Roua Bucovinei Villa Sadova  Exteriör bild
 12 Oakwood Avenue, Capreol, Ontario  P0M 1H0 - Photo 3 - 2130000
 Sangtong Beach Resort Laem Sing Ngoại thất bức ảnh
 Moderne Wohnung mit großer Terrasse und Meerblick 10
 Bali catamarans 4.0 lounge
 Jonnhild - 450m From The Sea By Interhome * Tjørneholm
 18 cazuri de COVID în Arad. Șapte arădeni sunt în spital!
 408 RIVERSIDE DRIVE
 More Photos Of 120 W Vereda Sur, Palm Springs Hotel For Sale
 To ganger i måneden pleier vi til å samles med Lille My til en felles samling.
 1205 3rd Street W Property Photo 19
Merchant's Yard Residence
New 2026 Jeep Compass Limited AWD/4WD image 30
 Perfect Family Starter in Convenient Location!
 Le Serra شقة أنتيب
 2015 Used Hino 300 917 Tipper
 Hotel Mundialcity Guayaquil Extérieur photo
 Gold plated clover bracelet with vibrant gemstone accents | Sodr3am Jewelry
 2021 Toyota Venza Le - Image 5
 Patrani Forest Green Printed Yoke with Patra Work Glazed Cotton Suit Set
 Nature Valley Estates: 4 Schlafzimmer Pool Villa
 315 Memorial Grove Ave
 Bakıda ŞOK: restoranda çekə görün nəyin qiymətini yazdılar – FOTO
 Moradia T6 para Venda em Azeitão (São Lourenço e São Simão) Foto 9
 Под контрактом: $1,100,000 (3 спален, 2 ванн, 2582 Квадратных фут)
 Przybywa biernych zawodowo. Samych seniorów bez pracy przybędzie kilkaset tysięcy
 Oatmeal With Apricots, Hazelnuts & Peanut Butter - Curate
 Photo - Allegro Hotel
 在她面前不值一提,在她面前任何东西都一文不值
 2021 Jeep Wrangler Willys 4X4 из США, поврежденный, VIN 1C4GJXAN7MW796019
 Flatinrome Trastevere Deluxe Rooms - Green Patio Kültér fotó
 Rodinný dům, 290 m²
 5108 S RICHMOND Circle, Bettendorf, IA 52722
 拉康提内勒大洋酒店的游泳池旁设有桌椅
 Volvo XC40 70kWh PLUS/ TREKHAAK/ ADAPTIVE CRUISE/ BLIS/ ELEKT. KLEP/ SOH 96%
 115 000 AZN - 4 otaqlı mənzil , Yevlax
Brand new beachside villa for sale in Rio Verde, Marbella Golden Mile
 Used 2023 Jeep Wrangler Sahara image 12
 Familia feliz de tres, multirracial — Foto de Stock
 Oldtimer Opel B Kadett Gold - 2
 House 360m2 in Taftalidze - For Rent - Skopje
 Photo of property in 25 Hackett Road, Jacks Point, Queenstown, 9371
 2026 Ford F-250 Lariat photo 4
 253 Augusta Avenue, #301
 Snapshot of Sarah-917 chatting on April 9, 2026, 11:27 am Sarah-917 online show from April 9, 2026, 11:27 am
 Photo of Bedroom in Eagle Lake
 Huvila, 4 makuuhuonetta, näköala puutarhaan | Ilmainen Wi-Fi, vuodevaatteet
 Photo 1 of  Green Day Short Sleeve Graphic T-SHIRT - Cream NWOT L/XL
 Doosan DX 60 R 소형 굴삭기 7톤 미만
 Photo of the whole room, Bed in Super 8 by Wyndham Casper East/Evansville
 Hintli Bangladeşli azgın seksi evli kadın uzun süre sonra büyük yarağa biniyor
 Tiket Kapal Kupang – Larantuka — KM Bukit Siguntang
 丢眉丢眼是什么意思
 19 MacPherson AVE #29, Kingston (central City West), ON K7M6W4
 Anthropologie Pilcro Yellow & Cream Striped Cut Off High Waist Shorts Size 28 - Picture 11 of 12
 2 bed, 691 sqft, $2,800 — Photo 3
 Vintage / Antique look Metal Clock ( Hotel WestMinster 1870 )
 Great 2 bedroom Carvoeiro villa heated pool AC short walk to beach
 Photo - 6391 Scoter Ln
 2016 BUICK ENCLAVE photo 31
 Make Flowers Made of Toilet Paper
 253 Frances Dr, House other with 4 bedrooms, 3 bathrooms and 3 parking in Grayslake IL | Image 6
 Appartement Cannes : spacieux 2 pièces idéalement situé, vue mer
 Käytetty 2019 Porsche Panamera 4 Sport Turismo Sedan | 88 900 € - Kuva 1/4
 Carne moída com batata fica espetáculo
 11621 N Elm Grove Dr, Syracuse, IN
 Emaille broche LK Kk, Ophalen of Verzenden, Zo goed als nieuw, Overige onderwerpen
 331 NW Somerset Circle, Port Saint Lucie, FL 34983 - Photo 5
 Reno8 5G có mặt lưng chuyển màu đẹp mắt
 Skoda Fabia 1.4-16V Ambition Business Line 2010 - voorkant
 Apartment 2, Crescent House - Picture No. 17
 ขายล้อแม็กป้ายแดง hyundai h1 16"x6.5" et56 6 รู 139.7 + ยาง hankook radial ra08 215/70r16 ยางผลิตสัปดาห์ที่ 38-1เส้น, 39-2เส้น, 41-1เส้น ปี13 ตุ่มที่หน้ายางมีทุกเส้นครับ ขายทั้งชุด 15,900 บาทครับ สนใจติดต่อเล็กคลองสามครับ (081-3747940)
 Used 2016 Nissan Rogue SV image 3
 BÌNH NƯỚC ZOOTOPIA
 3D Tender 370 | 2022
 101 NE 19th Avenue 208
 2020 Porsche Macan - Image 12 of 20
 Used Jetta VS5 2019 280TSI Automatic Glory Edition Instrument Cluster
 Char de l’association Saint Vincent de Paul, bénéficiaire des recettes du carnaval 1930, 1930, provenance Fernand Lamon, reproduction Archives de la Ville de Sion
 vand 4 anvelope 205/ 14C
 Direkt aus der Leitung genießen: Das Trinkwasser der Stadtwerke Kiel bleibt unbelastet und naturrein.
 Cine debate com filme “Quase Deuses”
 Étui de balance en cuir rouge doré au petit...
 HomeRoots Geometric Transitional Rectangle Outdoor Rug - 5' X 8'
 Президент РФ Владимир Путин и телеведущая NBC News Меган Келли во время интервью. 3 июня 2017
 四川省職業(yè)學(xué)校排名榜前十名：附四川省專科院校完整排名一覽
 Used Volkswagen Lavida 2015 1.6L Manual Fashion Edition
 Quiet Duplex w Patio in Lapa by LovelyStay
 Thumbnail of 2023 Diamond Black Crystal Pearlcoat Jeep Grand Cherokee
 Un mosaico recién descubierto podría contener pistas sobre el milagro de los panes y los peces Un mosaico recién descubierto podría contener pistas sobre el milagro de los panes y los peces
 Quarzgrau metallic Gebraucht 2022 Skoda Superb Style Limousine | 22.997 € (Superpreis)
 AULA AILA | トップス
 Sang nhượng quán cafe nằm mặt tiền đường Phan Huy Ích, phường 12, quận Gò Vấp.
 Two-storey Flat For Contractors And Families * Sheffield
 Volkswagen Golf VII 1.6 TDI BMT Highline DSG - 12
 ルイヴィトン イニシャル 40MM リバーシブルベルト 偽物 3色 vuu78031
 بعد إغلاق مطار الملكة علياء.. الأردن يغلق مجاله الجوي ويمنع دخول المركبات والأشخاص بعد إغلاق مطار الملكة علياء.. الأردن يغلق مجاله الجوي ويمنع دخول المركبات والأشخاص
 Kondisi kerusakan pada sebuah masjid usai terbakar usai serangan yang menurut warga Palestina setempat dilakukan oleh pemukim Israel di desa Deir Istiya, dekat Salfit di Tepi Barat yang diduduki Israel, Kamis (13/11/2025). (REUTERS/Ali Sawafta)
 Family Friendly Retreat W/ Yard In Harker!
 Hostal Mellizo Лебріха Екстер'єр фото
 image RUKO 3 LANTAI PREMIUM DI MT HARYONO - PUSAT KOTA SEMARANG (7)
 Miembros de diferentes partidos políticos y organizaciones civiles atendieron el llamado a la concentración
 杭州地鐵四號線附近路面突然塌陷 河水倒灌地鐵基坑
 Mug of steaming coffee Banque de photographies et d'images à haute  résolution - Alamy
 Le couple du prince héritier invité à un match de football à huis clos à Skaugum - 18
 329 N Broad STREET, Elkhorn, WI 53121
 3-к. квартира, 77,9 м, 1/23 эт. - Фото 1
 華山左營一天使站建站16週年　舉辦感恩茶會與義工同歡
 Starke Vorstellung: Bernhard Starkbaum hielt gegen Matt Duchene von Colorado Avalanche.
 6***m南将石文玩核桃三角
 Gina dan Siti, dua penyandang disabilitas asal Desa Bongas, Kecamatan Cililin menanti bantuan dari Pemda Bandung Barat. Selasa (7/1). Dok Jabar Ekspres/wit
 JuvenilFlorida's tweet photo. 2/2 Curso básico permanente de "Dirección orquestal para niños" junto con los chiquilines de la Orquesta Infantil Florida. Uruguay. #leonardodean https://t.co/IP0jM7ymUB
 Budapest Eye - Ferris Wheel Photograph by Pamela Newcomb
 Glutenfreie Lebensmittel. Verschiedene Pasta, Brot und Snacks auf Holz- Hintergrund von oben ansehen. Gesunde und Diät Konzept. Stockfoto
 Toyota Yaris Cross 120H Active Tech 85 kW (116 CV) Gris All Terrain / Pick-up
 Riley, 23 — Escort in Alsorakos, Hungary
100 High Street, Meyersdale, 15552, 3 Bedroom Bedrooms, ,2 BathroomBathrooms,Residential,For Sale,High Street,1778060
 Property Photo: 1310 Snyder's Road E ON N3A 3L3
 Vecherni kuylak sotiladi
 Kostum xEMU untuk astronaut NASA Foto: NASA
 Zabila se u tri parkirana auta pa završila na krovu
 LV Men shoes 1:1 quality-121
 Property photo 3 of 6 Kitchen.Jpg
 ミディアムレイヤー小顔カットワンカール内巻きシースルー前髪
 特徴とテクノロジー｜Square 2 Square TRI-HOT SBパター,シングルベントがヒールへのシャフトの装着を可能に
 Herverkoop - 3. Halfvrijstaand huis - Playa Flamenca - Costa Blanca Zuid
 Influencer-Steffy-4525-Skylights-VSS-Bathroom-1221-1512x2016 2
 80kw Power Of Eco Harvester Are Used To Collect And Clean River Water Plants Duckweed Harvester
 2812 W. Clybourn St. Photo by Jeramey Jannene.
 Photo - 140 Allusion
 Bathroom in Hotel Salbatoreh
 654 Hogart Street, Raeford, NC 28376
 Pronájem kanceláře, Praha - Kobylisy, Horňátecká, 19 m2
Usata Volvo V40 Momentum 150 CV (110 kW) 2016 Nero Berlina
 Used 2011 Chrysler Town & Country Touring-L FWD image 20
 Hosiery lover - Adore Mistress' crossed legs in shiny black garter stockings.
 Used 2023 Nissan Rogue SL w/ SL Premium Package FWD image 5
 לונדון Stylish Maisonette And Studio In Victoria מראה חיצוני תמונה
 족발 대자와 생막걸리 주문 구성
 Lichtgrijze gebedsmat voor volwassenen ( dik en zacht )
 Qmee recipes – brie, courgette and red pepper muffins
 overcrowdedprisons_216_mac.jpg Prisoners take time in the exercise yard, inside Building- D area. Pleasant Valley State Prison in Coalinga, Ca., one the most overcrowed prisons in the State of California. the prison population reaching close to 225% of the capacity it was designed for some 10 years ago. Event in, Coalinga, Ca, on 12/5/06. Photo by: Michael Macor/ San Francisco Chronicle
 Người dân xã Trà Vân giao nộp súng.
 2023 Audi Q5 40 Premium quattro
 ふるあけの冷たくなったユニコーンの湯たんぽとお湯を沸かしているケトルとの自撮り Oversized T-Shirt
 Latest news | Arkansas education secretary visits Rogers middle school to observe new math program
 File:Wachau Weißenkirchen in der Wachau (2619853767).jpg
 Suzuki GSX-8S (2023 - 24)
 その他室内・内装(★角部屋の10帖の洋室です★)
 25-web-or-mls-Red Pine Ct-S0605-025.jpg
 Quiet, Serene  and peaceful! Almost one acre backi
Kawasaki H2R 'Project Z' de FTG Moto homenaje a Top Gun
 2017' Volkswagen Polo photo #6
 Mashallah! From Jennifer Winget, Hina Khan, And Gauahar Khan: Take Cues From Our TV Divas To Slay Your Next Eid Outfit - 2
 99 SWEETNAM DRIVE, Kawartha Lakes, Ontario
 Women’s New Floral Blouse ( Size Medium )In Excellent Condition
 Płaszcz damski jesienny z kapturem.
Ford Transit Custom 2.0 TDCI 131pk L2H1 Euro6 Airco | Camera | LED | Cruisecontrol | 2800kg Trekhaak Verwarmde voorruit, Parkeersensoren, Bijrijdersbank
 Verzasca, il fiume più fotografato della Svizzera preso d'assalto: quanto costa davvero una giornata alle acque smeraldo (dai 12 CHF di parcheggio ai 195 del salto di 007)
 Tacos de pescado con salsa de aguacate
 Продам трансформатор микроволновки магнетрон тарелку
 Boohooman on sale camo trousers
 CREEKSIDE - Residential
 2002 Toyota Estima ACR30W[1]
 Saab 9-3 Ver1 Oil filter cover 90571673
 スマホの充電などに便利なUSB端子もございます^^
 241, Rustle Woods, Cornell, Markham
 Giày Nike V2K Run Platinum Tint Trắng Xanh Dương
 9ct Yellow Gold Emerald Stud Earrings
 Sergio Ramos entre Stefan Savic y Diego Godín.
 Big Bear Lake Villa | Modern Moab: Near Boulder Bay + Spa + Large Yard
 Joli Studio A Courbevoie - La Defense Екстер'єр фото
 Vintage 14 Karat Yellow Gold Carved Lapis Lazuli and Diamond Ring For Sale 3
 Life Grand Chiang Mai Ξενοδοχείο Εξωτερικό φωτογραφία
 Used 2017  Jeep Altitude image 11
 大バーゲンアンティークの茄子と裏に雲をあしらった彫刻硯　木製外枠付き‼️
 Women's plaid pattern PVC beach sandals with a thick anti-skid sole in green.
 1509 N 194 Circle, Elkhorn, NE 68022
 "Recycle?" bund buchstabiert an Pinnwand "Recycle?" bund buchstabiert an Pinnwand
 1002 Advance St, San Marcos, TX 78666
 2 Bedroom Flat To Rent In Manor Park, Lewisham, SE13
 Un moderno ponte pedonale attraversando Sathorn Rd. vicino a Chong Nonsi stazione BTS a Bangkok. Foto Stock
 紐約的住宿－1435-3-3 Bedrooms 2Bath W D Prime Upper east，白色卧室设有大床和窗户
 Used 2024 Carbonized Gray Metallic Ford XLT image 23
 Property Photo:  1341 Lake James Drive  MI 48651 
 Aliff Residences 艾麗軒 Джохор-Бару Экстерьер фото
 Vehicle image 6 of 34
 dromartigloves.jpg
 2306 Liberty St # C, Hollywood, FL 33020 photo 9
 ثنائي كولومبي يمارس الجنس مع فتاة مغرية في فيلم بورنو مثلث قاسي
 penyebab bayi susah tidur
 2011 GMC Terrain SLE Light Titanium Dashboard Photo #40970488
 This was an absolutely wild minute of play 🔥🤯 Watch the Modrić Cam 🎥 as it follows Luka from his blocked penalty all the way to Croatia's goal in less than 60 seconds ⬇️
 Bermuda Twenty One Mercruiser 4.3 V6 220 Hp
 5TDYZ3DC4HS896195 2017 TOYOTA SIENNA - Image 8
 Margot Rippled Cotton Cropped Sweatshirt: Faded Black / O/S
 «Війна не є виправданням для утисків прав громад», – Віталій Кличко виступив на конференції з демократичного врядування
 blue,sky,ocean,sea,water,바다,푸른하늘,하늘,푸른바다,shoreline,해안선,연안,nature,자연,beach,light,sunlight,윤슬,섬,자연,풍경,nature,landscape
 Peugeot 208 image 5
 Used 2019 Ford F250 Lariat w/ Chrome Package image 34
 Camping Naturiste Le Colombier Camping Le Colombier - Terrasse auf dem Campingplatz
++++++++++
Retype only the lines above between the line with "Perfect Family Starter" and the line with "315 Memorial Grove Ave", counting those two lines as well, and keep every character as it is.

ANSWER SPACE
 Perfect Family Starter in Convenient Location!
 Le Serra شقة أنتيب
 2015 Used Hino 300 917 Tipper
 Hotel Mundialcity Guayaquil Extérieur photo
 Gold plated clover bracelet with vibrant gemstone accents | Sodr3am Jewelry
 2021 Toyota Venza Le - Image 5
 Patrani Forest Green Printed Yoke with Patra Work Glazed Cotton Suit Set
 Nature Valley Estates: 4 Schlafzimmer Pool Villa
 315 Memorial Grove Ave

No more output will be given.